13.11.15

epístola

[1920-1955]

Há quase vinte anos venho dando o melhor do meu esforço para ajudar a construir em São Paulo um núcleo de estudos universitários digno desse nome. Por grandes que sejam as minhas falhas e por pequena que tenha sido a minha contribuição individual, esse objetivo constitui o principal alvo de minha vida, dando sentido às minhas atividades como professor, como pesquisador e como cientista. Por isso, foi com indisfarçável desencanto e com indignação que vi as escolas e os institutos da Universidade de São Paulo serem incluídos na rede de investigação sumária, de caráter policial-militar, que visa a apurar os antros de corrupção e os centros de agitação subversiva no seio dos serviços públicos mantidos pelo Governo Federal.

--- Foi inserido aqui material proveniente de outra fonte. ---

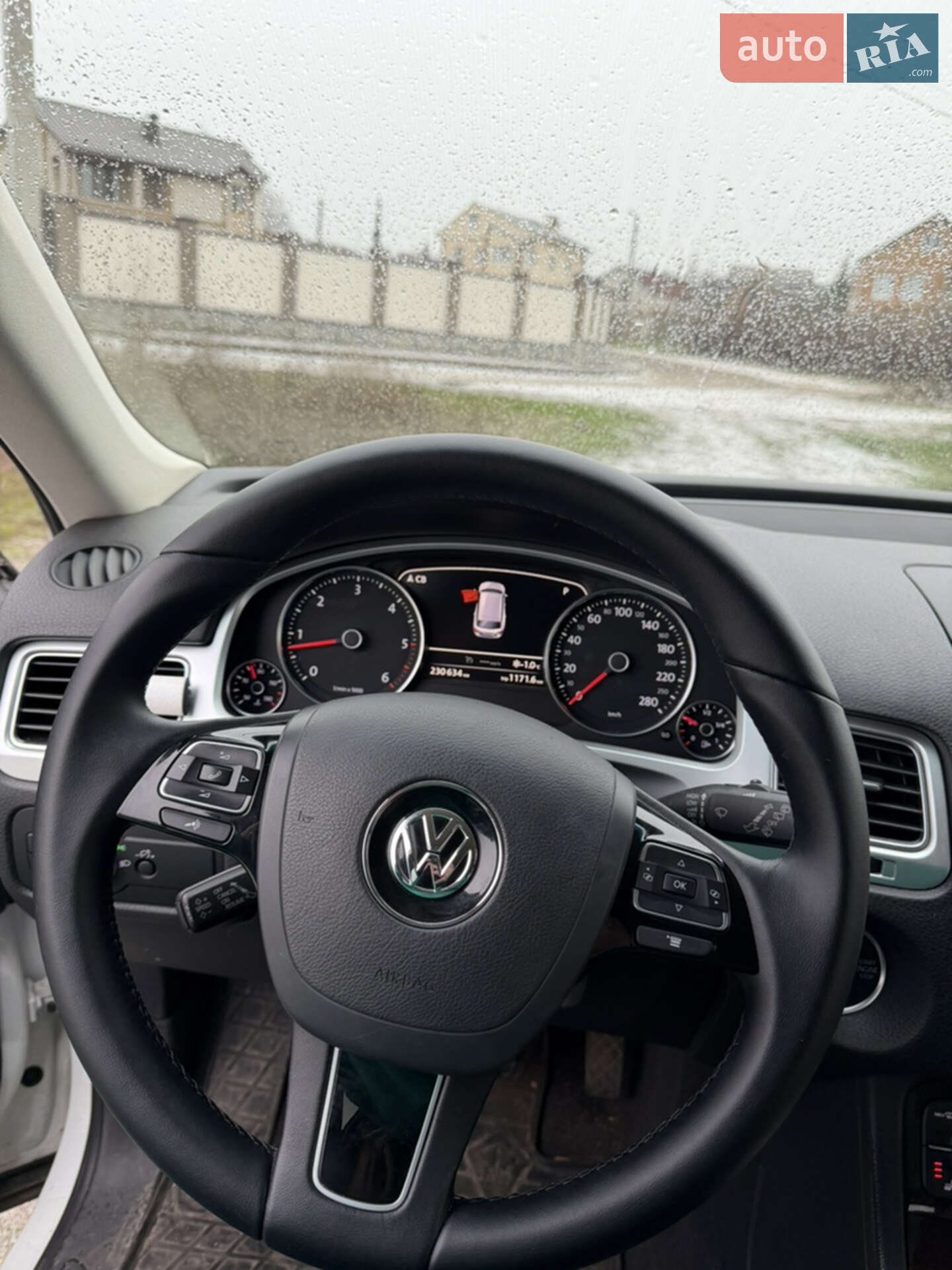 Volkswagen Touareg 2016 VIN WVGZZZ7PZGD027982 фото оголошення 12 з 12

Não somos um bando de malfeitores. Nem a ética universitária nos permitiria converter o ensino em fonte de pregação político-partidária. Os que exploram meios ilícitos do enriquecimento e de aumento do poder afastam-se cuidadosa e sabidamente da área de ensino [...]. Em nosso país, o ensino só fornece o ônus e pesados cargos, oferecendo escassos atrativos, mesmo para os honestos, quanto mais para os que manipulam a corrupção como um estilo de vida. De outro lado, quem pretendesse devotar-se à agitação político-partidária seria desavisado se cingisse às limitações insanáveis que as relações pedagógicas impõem ao intercâmbio das gerações.

Carta de Florestan Fernandes ao tenente-coronel que veio detê-lo, em setembro de 1964.